I am currently trying to convince the bigwigs at my company that Drupal is the way to go to provide us with a CMS solution for our clients' sites. We set up new sites for clients all the time and manage and host them. Right now we are running on IIS utilizing a CMS written in classic ASP that cost the company some umpteen gaziliions of dollars to make.
Over the last few days, I have recreated in Drupal our CMS including not only all of the current features we have, but all the features that we want but don't have another gazillion dollars to pay to have made in ASP (not to mention that billion years of development time it would take). The Drupal solution is much more elegant, solves a lot of problems, and gives us access to things we couldn't do before.
I am going to present this solution to everybody early this week. I have mentioned before our need to switch to open source technologies and have sensed some resistance. "If it didn't cost us a fortune, how can it be any good?" I hear questions like; "Will it scale?", "Who will manage it?", "Can these Apache servers really perform?" etc.
I need some help coming up with some good data that I can throw at them. I'd love to have some case studies, impressive looking graphs, examples of BIG Drupal sites, some stuff about Apache, organizations like 2bits&Acquia that can give us support, etc. I'd like to be able to say "a reasonably configured drupal install running on yada yada hardware should be able to handle X users a day." You get the idea.

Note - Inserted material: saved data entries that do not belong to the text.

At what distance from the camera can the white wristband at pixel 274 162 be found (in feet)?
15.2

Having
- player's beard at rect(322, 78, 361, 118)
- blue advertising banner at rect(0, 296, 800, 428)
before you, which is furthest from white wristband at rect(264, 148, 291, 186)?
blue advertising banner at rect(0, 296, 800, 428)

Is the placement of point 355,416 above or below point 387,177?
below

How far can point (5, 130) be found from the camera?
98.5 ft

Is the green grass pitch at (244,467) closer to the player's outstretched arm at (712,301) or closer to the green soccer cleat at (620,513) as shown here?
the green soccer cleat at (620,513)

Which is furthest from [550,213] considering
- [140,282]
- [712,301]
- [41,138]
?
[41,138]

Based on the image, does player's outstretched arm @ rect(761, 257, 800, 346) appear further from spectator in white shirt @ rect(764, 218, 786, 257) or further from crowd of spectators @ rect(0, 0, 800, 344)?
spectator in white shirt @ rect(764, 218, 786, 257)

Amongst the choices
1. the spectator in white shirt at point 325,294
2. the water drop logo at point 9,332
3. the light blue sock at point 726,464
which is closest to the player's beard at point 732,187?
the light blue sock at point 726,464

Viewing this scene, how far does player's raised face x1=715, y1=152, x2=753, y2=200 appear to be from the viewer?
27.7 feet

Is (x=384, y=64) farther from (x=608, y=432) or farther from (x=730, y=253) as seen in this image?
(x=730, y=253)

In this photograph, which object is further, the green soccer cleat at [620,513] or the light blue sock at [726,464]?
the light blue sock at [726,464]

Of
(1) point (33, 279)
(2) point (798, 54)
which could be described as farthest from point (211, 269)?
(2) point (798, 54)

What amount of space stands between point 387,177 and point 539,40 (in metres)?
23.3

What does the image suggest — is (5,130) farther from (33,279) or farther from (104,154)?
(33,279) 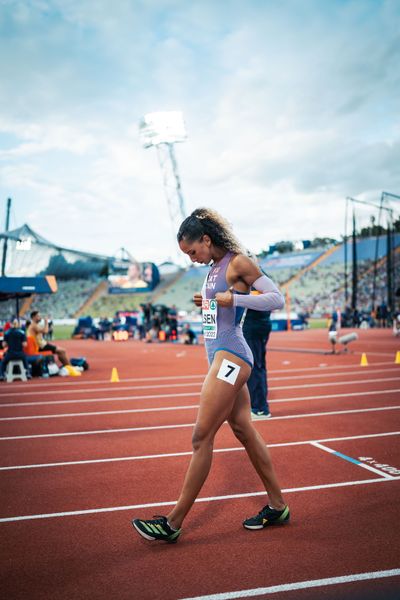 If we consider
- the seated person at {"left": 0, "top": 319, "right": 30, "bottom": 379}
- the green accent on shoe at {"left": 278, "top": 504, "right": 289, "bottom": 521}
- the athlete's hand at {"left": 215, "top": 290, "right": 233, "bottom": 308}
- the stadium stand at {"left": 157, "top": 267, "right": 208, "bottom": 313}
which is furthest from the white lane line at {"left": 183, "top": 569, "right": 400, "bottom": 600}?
the stadium stand at {"left": 157, "top": 267, "right": 208, "bottom": 313}

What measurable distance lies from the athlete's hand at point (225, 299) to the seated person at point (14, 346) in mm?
9882

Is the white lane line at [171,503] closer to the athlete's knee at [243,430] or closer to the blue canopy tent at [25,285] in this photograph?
the athlete's knee at [243,430]

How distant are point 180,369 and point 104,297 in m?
67.1

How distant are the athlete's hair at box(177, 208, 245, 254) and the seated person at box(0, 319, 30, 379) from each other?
31.6 ft

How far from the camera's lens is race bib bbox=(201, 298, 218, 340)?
10.7ft

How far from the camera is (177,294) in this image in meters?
72.8

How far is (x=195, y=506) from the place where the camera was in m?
3.90

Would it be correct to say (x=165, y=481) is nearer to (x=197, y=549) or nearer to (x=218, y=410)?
(x=197, y=549)

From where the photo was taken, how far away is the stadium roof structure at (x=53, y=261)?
3423 inches

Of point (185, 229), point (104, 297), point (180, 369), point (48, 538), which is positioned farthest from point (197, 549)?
point (104, 297)

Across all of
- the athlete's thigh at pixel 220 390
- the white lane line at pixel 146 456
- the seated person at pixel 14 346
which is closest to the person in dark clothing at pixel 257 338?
the white lane line at pixel 146 456

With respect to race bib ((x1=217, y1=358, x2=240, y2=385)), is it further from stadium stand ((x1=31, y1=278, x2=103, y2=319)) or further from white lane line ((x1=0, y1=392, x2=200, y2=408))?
stadium stand ((x1=31, y1=278, x2=103, y2=319))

I've of course been searching around reading up on this stuff, but I could really use some help from people with more experience. So lay it on me. Help me inspire confidence in Drupal (and Apache/Linux/etc.) with the bigwigs.
Comments
Drupal is scalable but I
Drupal is scalable but I think you need a company to manage it. I can recommend 2bits as a professional support.
Hi sam1am, have you
Hi sam1am,
have you contacted 2bits and Acquia already? Just recently I dealt with Acquia in preparation for some big client business (for which I'd always recommend an Acquia subscription) and they proved to be very supportive. I'm not sure if they have some of that "impressive looking graphs", but it only takes a quick look at the customers of businesses like 2bits, pingVision, Acquia, ... and you get a pretty good idea that anything is possible.
Try to get across, that while Drupa is for free, service is not and that frontrunners like the aforementioned take their share of responsibility by giving back to Drupal with patches, modules, sponsorship, money, .. to keep Drupal alive and kicking. This makes Drupal stronger than any commercial product that is backed up only by one business (the one that sells it).
If you can get that across you may be able to buy some time for another presentation / meeting in which you can present some more specific detail.
May the source be with you,
Alex
Happy to help
Sam, we do presentations to VP's and C level executives who are new to Drupal every day. Happy to help.
Here are some organizations who are using Drupal today: http://acquia.blip.tv/#919200.
Here are some case studies: http://drupal.org/cases
Here is the Drupal infrastructure team presentation on how we got Drupal.org to scale: http://association.drupal.org/blog/kieran/Drupal-org-infrastructure-stat...
Cheers,
Kieran Lal
Drupal community adventure guide, Acquia Inc.
Drupal events, Drupal.org redesign
Site Management System
Over at the company I work for, we are using Drupal as a base for our internal 'Site Management System' (MSMS) that will be used for deploying similar sites using a base build out along with a number of customized modules then adding in themes that cover both the base environment and customized 'site' theme and module needs.
Examples:
http://www.jacksonville.com
http://www.cjonline.com
Our environment currently consists of using Drupal 5 (we are in the process of going to Drupal 6 now) with Cisco Load-Balancers up front, a pair HP Servers with 8GB Ram running Squid/Squirm (i.e. caching images, static content), a RHEL 5.x 4-node HP Server environment utilizing 8GB Ram + Global File System (GFS) along with Apache 2.2, PHP 5.2.8, APC and Memcache PECL libraries, a Memcached 4-node cluster (based on the same architecture), the SMS/Drupal environment running several modules (i.e. Feedburner, Boost, Memcached API, Throttle) and a MySQL database server environment that is using tmpfs for alleviating disk I/O issues for temporary tables.
Our sites get 'Dugg' and 'Fark'd from time to time, but our environment never has a stroke and keeps on plugging along. The sites that are currently using our MSMS platform average from about 3,000 to 5,000 unauthenticated/unique users and 500 authenticated users every hour.
3,000 to 5,000
Can you translate this into page views for me?